In the real estate industry, they say that location, location, location, is the only thing that really matters. Apparently, the same could be said about food trends.
Recently, a restaurant owner in Arizona received protests and threats after he announced that he would sell lion burgers to help celebrate the World Cup. In South Africa, where the World Cup is being held, lion burgers are a somewhat regularly available commodity.
But in Arizona, USA?
Nope. Lion burgers offend people. They offend me.
Now to be fair, I know that my habit of eating beef offends some animal rights activists and violates tenets of the Hindu religion. To them, eating a cow is even more offense than eating a lion.
I acknowledge that my offense at the act of eating lion is therefore somewhat hypocritical.
Regardless, I find the concept of eating one of the world’s most powerful and threatened predators to be offensive. Likely, I would take offense at it even in South Africa, though if I were visiting there, I would keep my mouth shut about local custom as a matter of politeness. In this case, I don’t have to keep my mouth shut. I am offended.
To be fair to the restaurant owner, he started this as a publicity stunt designed to increase business and tie his business to arguable the biggest sporting event in the world. I find the decision morally reprehensible, but cannot argue that if his intention was to gain publicity for his business, he did a remarkable job.
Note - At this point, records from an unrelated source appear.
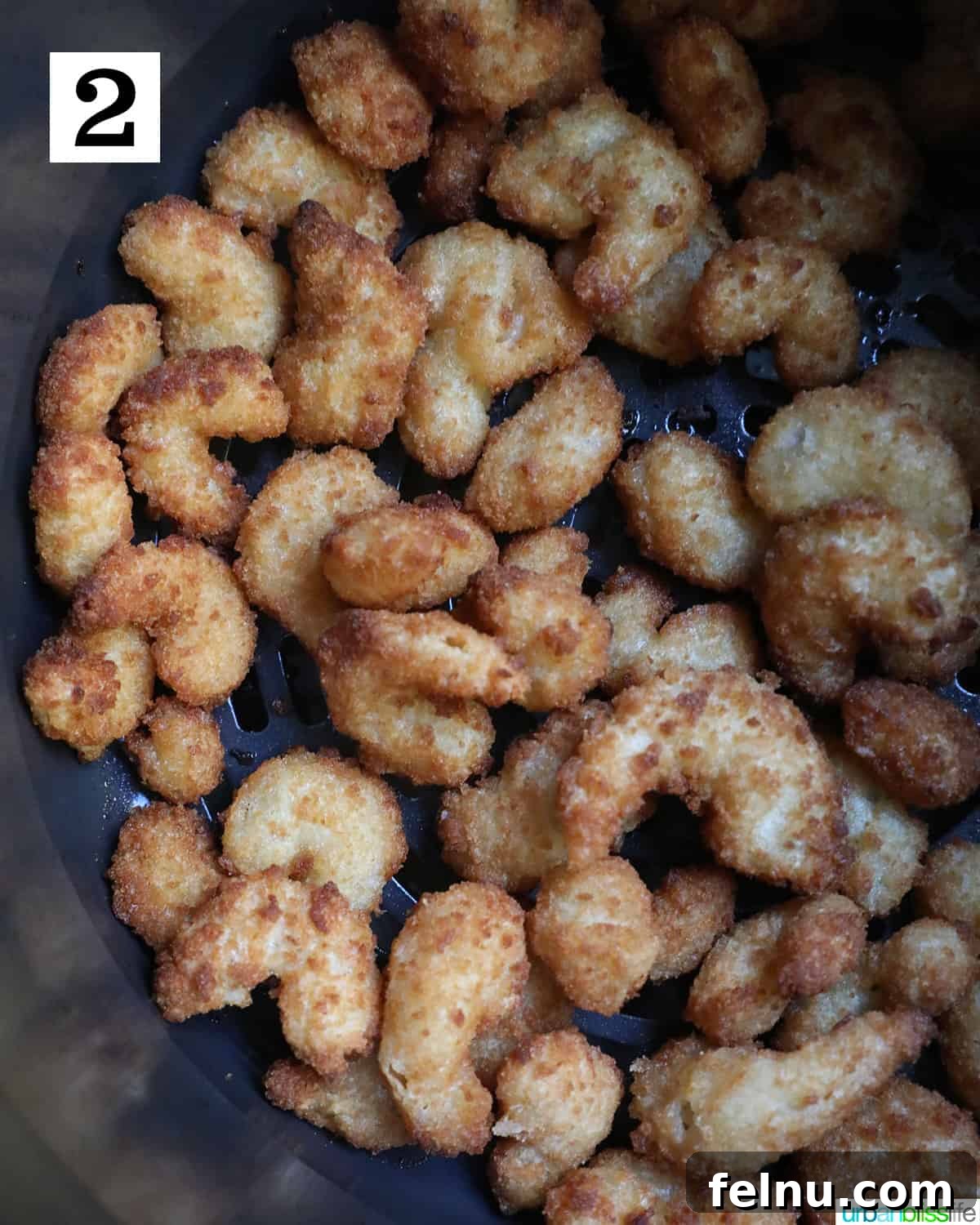 Crispy Air Fryer Popcorn Shrimp 6 Arranging frozen popcorn shrimp in a single layer within the air fryer basket, ensuring even cooking and optimal crisping.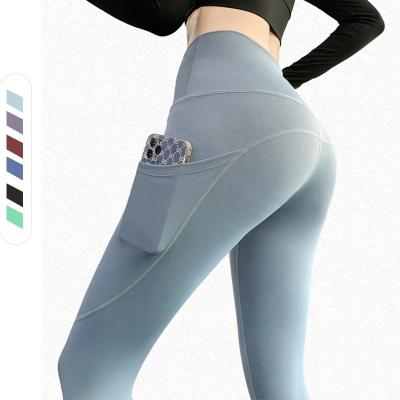 China Breathable Quick Dry Yoga Pants Boot Cut Out Women Gaiters With Back Pockets Seamless Yoga Panties With Pocket for sale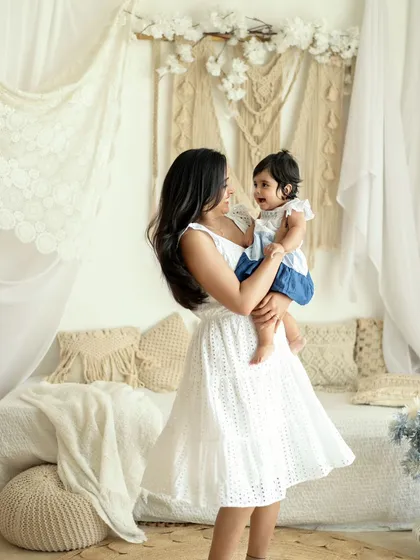There is nothing more beautiful than a mother's love. In this moment, set against a dreamy boho backdrop, you can feel the pure connection and happiness shared between mother and child.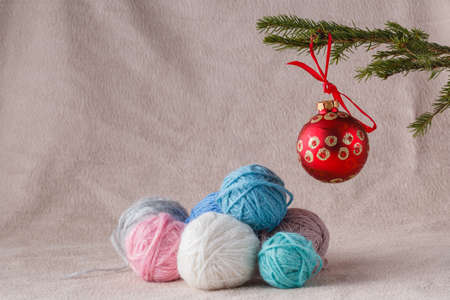Heap of wool clew on soft background with christmas decorationの写真素材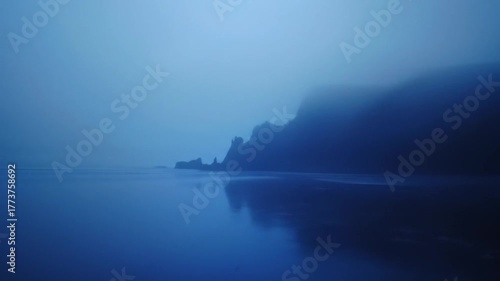 Ethereal blue coastal landscape with rugged cliffs shrouded in heavy mist, reflecting on tranquil ocean surface, mysterious and serene nature scene.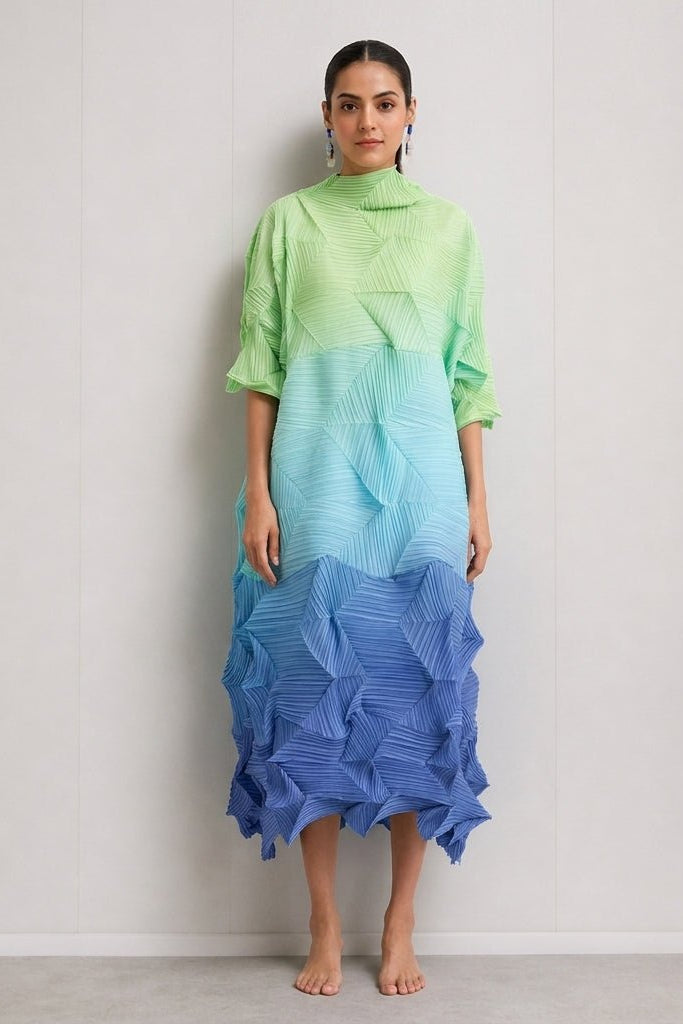 Front view of the Kouvr pleated ombre midi dress in green and blue gradient featuring a high mock neck and 3D geometric texture.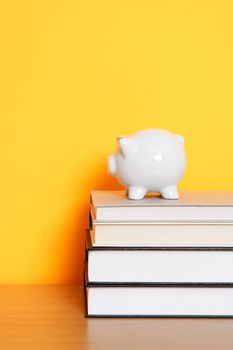 A piggy bank on top of a stack of books, can be used for saving for college design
Honestly, I can even sort of forgive him on the quasi-ethical stance of the meat was available and at least purported to be legal, so why not use it? What I find most reprehensible is the idea that someone is butchering lions and turning out ground lion burger as food. It terrified me when the restaurant owner said that the lion meat came from an exotic meat dealer who said the lions were raised free-range in Illinois.
Yuck. Another black eye for Illinois.
But it gets even worse. The exotic meat dealer claimed he got the meat from a free-range lion farm in Illinois and that it was federally inspected. That’s the first absolute dishonesty in the story as reported by CNN. The convoluted story gets more and more confused as you go.
According to CNN, the exotic meat dealer who sold it to restaurant owner bought the meat from a butcher shop just south of Chicago. The butcher shop, by the way, has been in trouble before for illegally buying big cat meat before. “Back in 2003, Chicago newspapers covered his conviction and six-month prison sentence for selling meat from federally protected tigers and leopards. Czimer admitted to purchasing the carcasses of 16 tigers, four lions, two mountain lions and one liger — a tiger-lion hybrid — which were skinned, butchered and sold as “lion meat,” for a profit of more than $38,000.”
This time the butcher claimed that he got the meat from a man who raised the lions just for their skins, a taxidermist or tanner if you will. When contacted by various news media, the meat dealer claimed the meat was sort of like a by-product. His shop is licensed and inspected by officials from the U.S. Department of Food & Agriculture, but lion meat is apparently inspected by the Food & Drug Administration, not the USDA.
The question of where exactly the meat came from and if it was inspected for human consumption is definitely a big one. On the other hand, the idea that it might have been inspected implies that we have standards for human consumption of lions. Back to yuck again.
Partially my offense is based on the status of the lion worldwide. Though the lion is only “threatened” and no “endangered,” I think everyone knows that the natural habitat for lions, the African savannah, is disappearing. Like many animals they suffer from human encroachment and poaching. With smaller and smaller areas to live, they are disappearing from nature rapidly. It makes the idea of eating one as it goes the way of the dodo repulsive.
I’m also offended by the idea of eating the big cats – unless it is your historical heritage to do it. In South Africa, it may be cultural (though I suspect there was an over-killing of lions for the tourists at the World Cup). In the United States, it is not a cultural tradition or even a cultural experience that one should try to replicate. These majestic creatures ought to be protected and the idea of butchering them like farm animals is simply disgusting.